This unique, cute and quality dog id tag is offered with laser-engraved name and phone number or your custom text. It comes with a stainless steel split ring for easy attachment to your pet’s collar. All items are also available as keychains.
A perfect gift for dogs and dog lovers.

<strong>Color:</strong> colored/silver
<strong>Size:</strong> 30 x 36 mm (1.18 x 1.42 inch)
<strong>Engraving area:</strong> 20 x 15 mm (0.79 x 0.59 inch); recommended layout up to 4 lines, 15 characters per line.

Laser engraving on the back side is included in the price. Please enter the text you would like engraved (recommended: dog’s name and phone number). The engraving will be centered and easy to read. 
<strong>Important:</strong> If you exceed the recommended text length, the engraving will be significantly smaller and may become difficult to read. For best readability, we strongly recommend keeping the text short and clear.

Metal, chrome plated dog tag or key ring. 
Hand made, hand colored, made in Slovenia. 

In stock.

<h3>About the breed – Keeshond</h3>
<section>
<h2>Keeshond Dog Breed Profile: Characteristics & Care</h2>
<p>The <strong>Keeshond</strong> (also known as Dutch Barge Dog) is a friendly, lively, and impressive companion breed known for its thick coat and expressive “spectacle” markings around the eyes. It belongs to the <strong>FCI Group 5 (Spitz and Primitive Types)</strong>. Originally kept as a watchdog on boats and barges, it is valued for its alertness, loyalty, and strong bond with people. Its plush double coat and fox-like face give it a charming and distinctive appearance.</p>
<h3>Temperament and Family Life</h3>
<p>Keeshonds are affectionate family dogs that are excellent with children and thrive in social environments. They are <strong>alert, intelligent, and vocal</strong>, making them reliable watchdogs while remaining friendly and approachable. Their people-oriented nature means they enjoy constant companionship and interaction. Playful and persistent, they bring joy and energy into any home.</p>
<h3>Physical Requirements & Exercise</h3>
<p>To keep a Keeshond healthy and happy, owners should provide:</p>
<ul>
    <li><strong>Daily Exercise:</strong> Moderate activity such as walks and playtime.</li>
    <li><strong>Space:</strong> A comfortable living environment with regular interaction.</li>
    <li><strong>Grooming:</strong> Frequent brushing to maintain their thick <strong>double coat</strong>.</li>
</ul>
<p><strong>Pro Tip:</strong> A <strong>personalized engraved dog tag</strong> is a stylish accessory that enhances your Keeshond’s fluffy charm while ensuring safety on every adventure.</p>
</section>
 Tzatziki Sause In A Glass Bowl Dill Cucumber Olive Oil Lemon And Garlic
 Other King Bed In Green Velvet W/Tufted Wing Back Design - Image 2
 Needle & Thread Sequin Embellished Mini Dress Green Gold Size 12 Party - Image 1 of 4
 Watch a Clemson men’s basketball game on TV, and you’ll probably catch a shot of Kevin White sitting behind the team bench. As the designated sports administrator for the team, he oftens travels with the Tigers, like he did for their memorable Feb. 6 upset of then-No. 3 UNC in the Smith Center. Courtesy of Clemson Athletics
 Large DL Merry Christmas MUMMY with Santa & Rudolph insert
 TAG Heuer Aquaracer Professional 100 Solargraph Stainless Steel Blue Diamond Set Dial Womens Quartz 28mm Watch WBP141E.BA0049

— THE PROBLEM —
Please, from the material above, copy only the lines from the line with "Other King Bed" up to and including the line with "Needle & Thread", exactly as written.

— EXERCISE OUTPUT —
 Other King Bed In Green Velvet W/Tufted Wing Back Design - Image 2
 Needle & Thread Sequin Embellished Mini Dress Green Gold Size 12 Party - Image 1 of 4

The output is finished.